(Beginning of INFORMATION SHOWN)

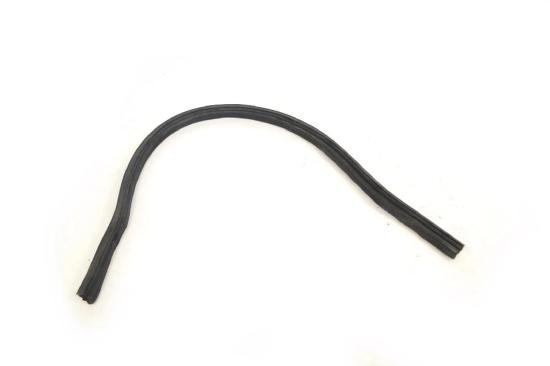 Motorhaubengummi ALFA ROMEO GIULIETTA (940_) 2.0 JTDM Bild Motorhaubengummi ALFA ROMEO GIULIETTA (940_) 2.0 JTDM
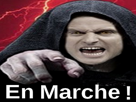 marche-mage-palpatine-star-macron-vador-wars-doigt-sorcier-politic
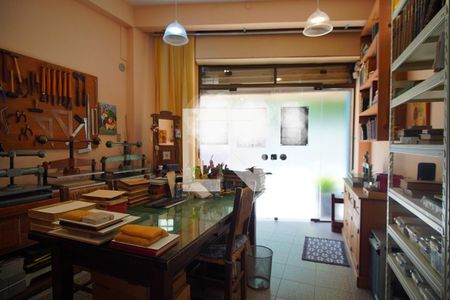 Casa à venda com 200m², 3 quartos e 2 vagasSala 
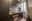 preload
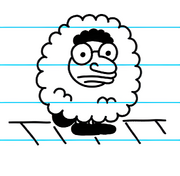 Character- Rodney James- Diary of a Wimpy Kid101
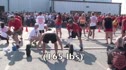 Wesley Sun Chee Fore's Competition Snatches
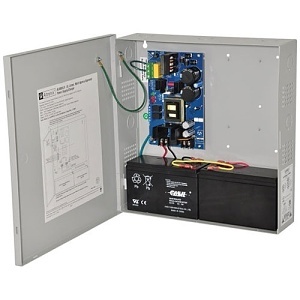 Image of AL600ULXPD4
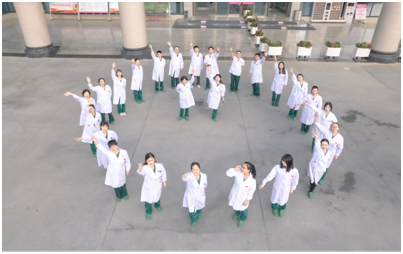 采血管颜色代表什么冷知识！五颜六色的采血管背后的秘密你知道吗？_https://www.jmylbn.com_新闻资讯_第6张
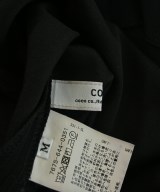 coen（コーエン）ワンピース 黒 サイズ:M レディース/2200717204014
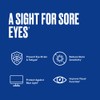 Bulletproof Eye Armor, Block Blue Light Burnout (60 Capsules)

(End of INFORMATION SHOWN)

**ACTION ITEM**. Please transcribe every record above exactly as written, leaving out the pictures.

**WRITTEN RESPONSE**.
 Motorhaubengummi ALFA ROMEO GIULIETTA (940_) 2.0 JTDM Bild Motorhaubengummi ALFA ROMEO GIULIETTA (940_) 2.0 JTDM
 marche-mage-palpatine-star-macron-vador-wars-doigt-sorcier-politic
 Casa à venda com 200m², 3 quartos e 2 vagasSala 
 preload
 Character- Rodney James- Diary of a Wimpy Kid101
 Wesley Sun Chee Fore's Competition Snatches
 Image of AL600ULXPD4
 采血管颜色代表什么冷知识！五颜六色的采血管背后的秘密你知道吗？_https://www.jmylbn.com_新闻资讯_第6张
 coen（コーエン）ワンピース 黒 サイズ:M レディース/2200717204014
 Bulletproof Eye Armor, Block Blue Light Burnout (60 Capsules)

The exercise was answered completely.